Time taken for the first one-third distance $(S/3)$ at $10\, km/hr$ is $t_1 = \frac{S/3}{10} = \frac{S}{30}$.
Time taken for the next one-third distance $(S/3)$ at $20\, km/hr$ is $t_2 = \frac{S/3}{20} = \frac{S}{60}$.
Time taken for the last one-third distance $(S/3)$ at $60\, km/hr$ is $t_3 = \frac{S/3}{60} = \frac{S}{180}$.

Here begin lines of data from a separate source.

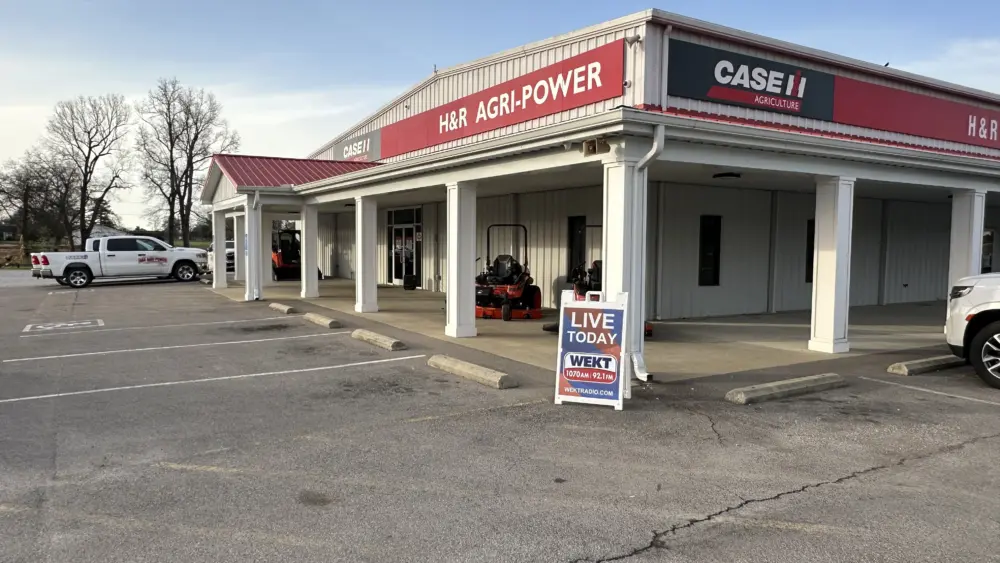 photo-mar-13-2026-08-08-13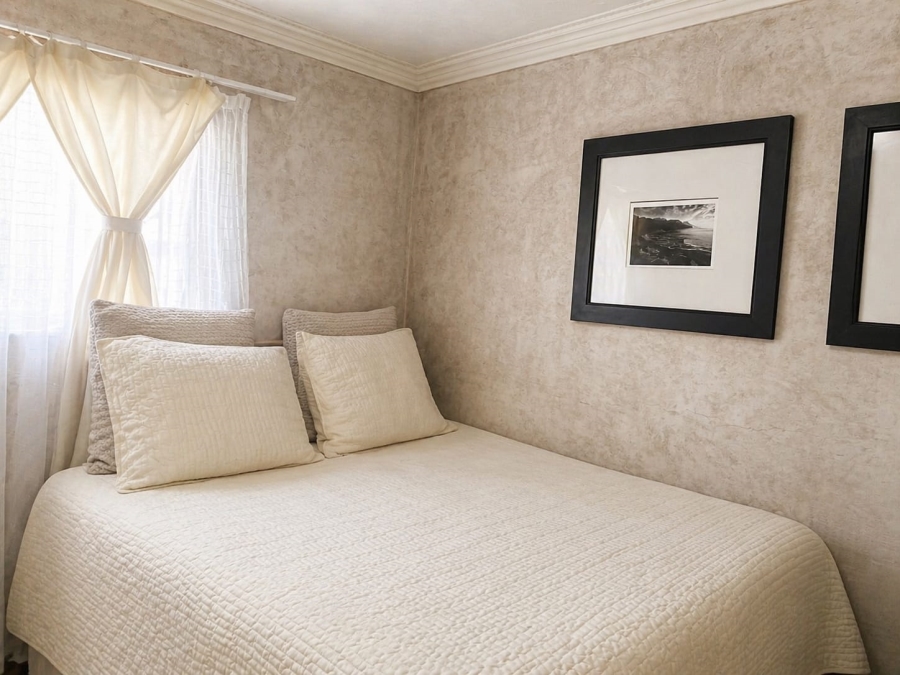 2 Bedroom Property for Sale in Delft South Western Cape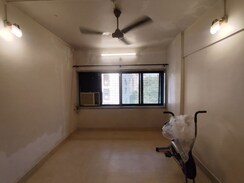 2 BHK Apartment For Sale in Dahiwali CHS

Total time $T = t_1 + t_2 + t_3 = \frac{S}{30} + \frac{S}{60} + \frac{S}{180} = S \left( \frac{6+3+1}{180} \right) = \frac{10S}{180} = \frac{S}{18}$.
Average speed $v_{avg} = \frac{\text{Total Distance}}{\text{Total Time}} = \frac{S}{S/18} = 18\, km/hr$.